The FDA scientists who were involved with reviewing Menaflex rejected ReGen’s fast-track applications in August 2006 and September 2007, finding that Menaflex was a new kind of device that required a rigorous, full review. In December 2007, ReGen, a New Jersey company, called on New Jersey lawmakers to help. Senators Robert Menendez and Sen. Frank Lautenberg and Representatives Frank Pallone and Steve Rothman wrote the FDA Commissioner in December 2007 asking that he personally review the Menaflex issue.
In January 2008, as a result of Congressional intervention, ReGen met with the FDA Commissioner. Two days later, ReGen wrote the Commissioner and asked for the Menaflex application to be given to Dr. Dan Shultz, head of the FDA’s device division. ReGen also asked for all FDA scientists, who previously opposed Menaflex, to be excluded from the decision-making process. From that point forward, Dr. Shultz took personal charge of that critical process. In July 2008, ReGen announced what it described to be successful results with its clinical trial. FDA scientists disagreed with ReGen’s categorization of the trial results. They noted that patients needed additional operations after receiving the Menaflex pad, and in some cases the device had to be removed.
Also in July 2008, ReGen filed its third application for fast-track approval. FDA scientists again found the device to not be substantially equivalent to previously-approved devices. Their rejection letter was never sent. Rather, in an unusual move, and at the request of ReGen, Dr. Shultz set up a panel of outside doctors to determine if Menaflex met the 510(k) standards for fast-track approval. It’s reported that ReGen pushed the FDA on who should be on the panel. On October 28, 2008, a staffer to Rep. Pallone contacted the FDA integrity office director to discuss the Menaflex panel. ReGen specifically asked that FDA scientists, who previously objected to Menaflex, not be allowed to address the panel.
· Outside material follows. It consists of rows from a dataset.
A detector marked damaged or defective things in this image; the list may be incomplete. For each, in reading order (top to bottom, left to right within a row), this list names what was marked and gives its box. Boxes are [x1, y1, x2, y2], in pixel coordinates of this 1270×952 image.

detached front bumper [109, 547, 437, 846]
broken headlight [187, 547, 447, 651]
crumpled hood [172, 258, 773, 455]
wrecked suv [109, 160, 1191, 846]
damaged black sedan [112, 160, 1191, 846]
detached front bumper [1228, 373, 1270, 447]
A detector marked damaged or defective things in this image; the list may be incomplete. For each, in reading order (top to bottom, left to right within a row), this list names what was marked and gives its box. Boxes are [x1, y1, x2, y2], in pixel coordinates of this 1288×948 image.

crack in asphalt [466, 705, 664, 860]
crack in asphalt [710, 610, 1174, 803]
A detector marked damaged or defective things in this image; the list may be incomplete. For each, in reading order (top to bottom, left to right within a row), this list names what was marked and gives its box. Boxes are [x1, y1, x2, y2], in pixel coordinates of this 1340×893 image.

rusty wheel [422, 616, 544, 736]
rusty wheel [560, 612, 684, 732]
ReGen’s requests caused considerable debate within the FDA. In response, agency officials drafted a letter to ReGen, the language of which was objected to by FDA lawyers who said it would cause significant problems for the agency with other companies because other companies did not have the same opportunities, and it would document favorable treatment for ReGen. Per ReGen’s request, the Menaflex panel included eight sports-medicine experts. No FDA scientists who had objected to Menaflex spoke at the panel. Following the meeting, Dr. Shultz issued a letter stating that the panel “clearly and unanimously” found Menaflex to be as effective as other similar products. Interviews with the panel members reveal that their findings were not unanimous. One panel member, Dr. Mabry, said that it was important to note that the panel did not find that the Menaflex pad was substantially equivalent to other medical devices. He said further, that had they known that Dr. Shultz was going to approve the Menaflex pad citing their panel, he would have been a more vocal opponent of it.
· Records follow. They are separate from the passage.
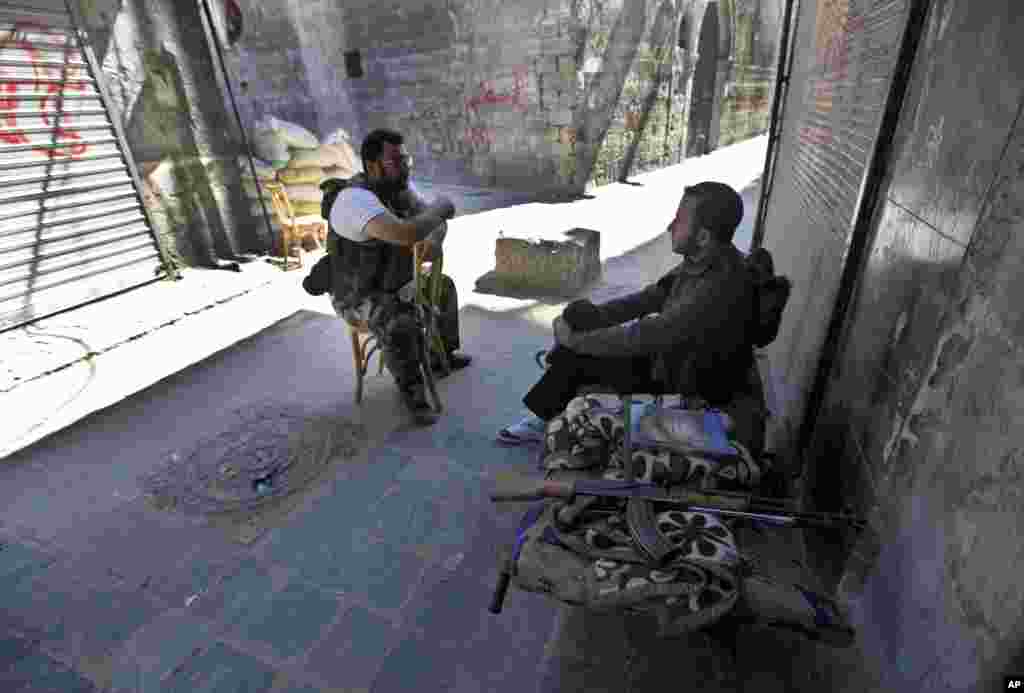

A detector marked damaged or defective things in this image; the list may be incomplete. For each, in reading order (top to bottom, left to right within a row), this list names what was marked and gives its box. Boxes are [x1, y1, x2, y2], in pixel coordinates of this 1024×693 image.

wall with peeling plaster [73, 0, 266, 268]
wall with peeling plaster [770, 0, 1024, 687]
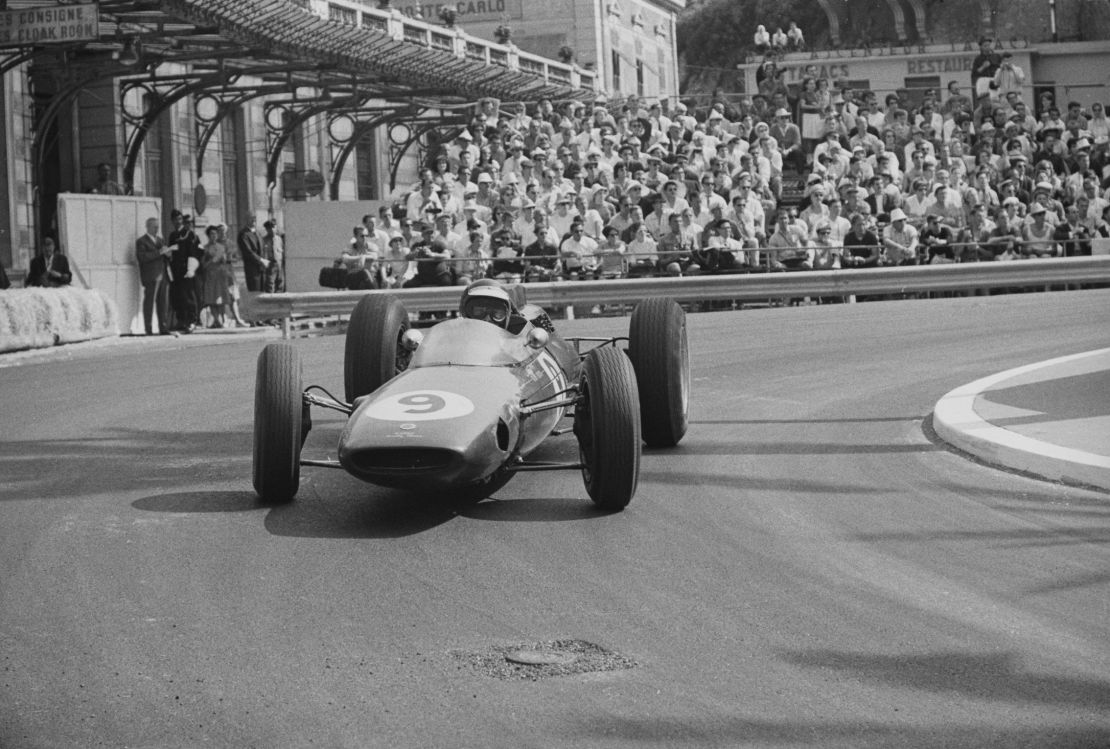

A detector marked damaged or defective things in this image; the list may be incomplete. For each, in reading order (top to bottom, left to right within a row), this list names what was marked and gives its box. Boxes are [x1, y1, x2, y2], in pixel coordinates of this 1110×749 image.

road patch repair [936, 350, 1110, 494]
road patch repair [450, 639, 639, 679]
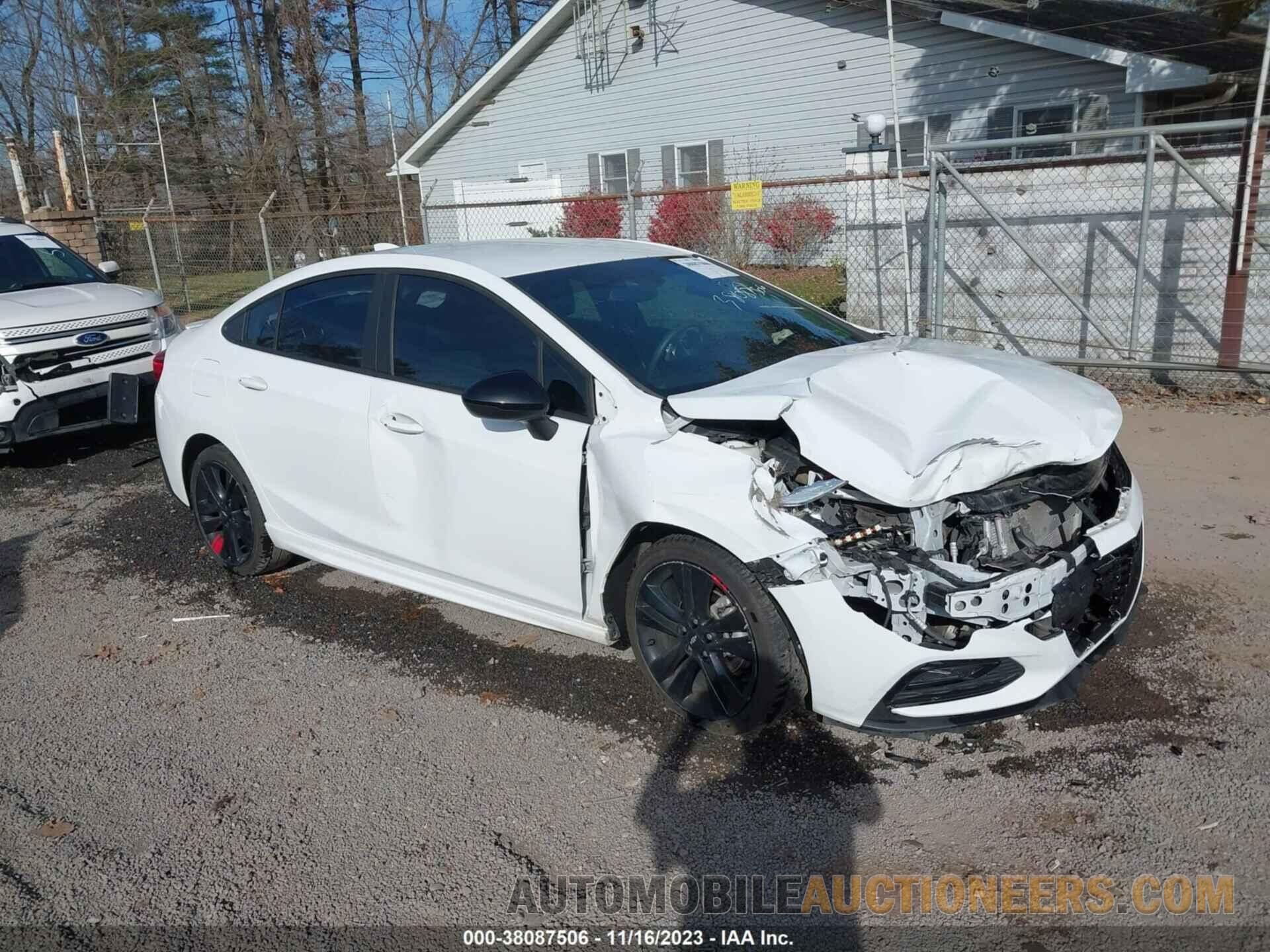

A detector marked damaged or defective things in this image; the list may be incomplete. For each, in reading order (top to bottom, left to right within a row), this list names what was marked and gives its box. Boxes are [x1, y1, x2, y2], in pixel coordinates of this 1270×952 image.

crumpled hood [0, 283, 161, 333]
damaged white car [153, 242, 1148, 736]
crumpled hood [665, 340, 1122, 510]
In December 2008, after reviewing the 510(k) application for Menaflex, Dr. Larry Kessler, director of the FDA’s science and engineering laboratory, found that Menaflex was not similar enough to other devices to qualify for 510(k) approval. Dr. Kessler wrote, “There is no statistical basis demonstrating effectiveness for this product.” By letter, he told Dr. Shultz that he was concerned that fast-track approval of Menaflex sets a precedent “that concerns us.” On December 20, 2008, Dr. Shultz approved Menaflex, finding that it was similar enough to other devices to earn approval.
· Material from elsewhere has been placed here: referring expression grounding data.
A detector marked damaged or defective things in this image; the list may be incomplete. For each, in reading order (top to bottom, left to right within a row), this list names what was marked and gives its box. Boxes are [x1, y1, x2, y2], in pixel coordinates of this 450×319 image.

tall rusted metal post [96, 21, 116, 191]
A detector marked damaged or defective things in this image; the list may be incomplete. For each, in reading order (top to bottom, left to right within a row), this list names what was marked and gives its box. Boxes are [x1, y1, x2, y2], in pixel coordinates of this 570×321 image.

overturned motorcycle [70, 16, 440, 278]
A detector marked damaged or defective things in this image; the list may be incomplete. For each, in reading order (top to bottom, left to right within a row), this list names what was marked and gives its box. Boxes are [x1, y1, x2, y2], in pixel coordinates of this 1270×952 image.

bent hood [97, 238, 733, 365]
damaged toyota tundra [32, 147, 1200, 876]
According to Dr. Kessler, who now heads the Health Services Department at the University of Washington, FDA’s handling of Menaflex “shows the FDA at its worst.” In January 2009, nine FDA scientists in the device division wrote Congress calling for the President to remove top FDA medical device regulators, stating that the device approval process was “corrupted and distorted by current FDA managers.” The above is an example of how industry literally controls the FDA. That’s wrong and it must be changed.